Nuxeo natively deduplicates files attached to your documents, which makes the necessary disk space to operate your applications lower. Still, there are a few details you might wish to know.
When storing files in the cloud using for instance the native Amazon S3 connector we provide, you don't need to worry about how files will be distributed on the filesystem.
When storing files on premise, Nuxeo arranges to maximize performances by distributing files in subfolders. A md5 checksum of the file is calculated, and the file is stored in a two-level folder structure named after the first characters of the checksum.
For example, a file having the following checksum:
38c8a503c45169a0668c4ef0c2dc12ec would be stored in a
c8 folder structure. The number of characters used for the folder naming is easily configurable, although it's unlikely you will need more than the two characters used by default:
- Each folder level is made of 256 combinations (16 * 16 characters),
- That means we reach a total of 65536 folder combinations in total (16^4),
- If we store 1000 files per folder, we are over 65 million files stored (65 536 000).
Even older filesystems have no performance problem until 10 000 files per folder, which gives you a lot of latitude.
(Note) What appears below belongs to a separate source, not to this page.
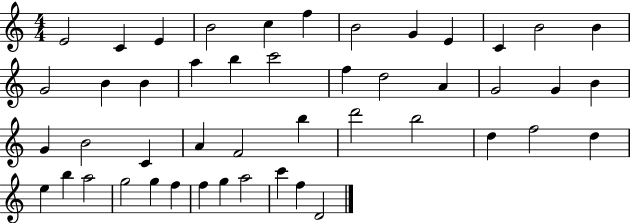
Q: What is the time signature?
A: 4/4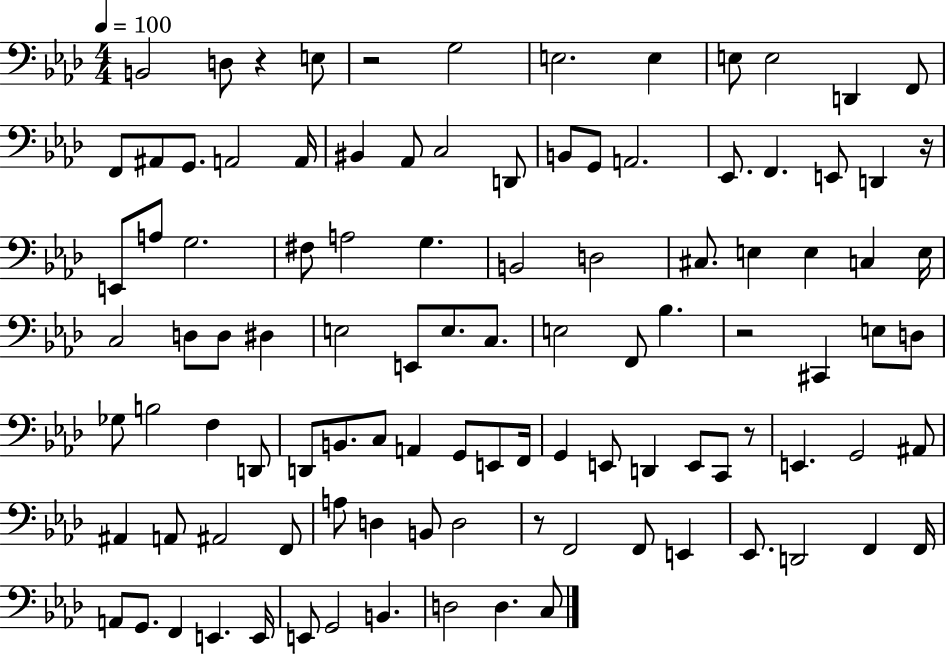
B2/h D3/e R/q E3/e R/h G3/h E3/h. E3/q E3/e E3/h D2/q F2/e F2/e A#2/e G2/e. A2/h A2/s BIS2/q Ab2/e C3/h D2/e B2/e G2/e A2/h. Eb2/e. F2/q. E2/e D2/q R/s E2/e A3/e G3/h. F#3/e A3/h G3/q. B2/h D3/h C#3/e. E3/q E3/q C3/q E3/s C3/h D3/e D3/e D#3/q E3/h E2/e E3/e. C3/e. E3/h F2/e Bb3/q. R/h C#2/q E3/e D3/e Gb3/e B3/h F3/q D2/e D2/e B2/e. C3/e A2/q G2/e E2/e F2/s G2/q E2/e D2/q E2/e C2/e R/e E2/q. G2/h A#2/e A#2/q A2/e A#2/h F2/e A3/e D3/q B2/e D3/h R/e F2/h F2/e E2/q Eb2/e. D2/h F2/q F2/s A2/e G2/e. F2/q E2/q. E2/s E2/e G2/h B2/q. D3/h D3/q. C3/e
Past a certain point, you may wish however to lower costs by distributing files between different hardware solutions. This can easily be achieved by adding repositories in your application, and we describe this solution in the scaling database storage below.
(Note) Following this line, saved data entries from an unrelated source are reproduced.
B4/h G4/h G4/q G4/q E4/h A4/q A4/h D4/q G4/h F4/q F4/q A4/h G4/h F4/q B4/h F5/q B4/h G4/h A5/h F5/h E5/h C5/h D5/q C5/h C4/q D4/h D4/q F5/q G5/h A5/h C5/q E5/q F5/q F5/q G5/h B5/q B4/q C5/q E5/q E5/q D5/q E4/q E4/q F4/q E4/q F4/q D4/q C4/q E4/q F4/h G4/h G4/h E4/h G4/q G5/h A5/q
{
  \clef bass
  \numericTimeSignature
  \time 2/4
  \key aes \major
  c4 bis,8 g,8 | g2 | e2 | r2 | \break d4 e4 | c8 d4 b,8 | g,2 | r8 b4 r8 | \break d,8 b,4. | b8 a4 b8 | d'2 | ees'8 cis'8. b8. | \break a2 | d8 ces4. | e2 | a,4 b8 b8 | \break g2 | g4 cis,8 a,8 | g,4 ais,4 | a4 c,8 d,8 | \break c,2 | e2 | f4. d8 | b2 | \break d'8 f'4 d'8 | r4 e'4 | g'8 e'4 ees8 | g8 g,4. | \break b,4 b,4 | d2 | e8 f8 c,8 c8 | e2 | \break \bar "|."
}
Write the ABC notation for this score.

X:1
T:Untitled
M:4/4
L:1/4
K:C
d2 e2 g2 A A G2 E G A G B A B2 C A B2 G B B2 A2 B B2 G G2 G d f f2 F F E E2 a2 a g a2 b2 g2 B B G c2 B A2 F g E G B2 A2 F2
One of the key advantages of NoSQL databases, like MongoDB, is that they allow to scale out by simply adding nodes to the cluster and natively offer sharding on the nodes.
Unlike NoSQL databases, relational database nodes can't simply be added to handle more load:
- Multi-masters SQL DB architecture (like Oracle RAC) work but don't really provide scale out, only HA.
- Leveraging replicated ReadOnly SQL DB nodes is complex in terms of transaction management
However, the Nuxeo Platform does provide a way to scale out the data: using several repositories. The idea is that a single Nuxeo application can be bound to several repositories, each repository being a database instance and a file storage solution. So if one application is connected to two repositories, the data will be partitioned between two couples (ex: (DB+FS) + (DB+S3)).
The repositories are like mount points: The default configuration is to have only one repository named "Default Repository" and mounted under
/default/. But you can add new repositories as needed. These new repositories will appear inside the application as several content roots. This typically means that when accessing a document, you have to know what the host repository is.
Typical use cases for data partitioning include:
Selecting your storage type according to the needs
- Partitioning between live and archived documents:
- Storage: slower but massive cheap storage that can scale
- Indexes: add indexes on the database to make search faster (few writes)
- Storage: fast storage to make work faster, lower volume
- Indexes: fast database with few indexes to maximize write speed
- Partitioning between read-only and read-write repositories
- Have a read-write repository
- Have a read-only replicated repository
Selecting the storage according to the isolation policy
- Data for "clientX" goes in "repositoryX"
- Partitioning between types of documents or document status:
- Published documents in a public repository
- Working documents in a restricted repository
This data partitioning is visible to end users, but thanks to Elasticsearch we can provide a unified index. It means searches can be executed in all repositories seamlessly, and any document query or listing can take advantage of this unified index too when necessary.
This type of sharding has been tested during a performance benchmark using 10 PostgreSQL databases to reach a total of 1 billion documents.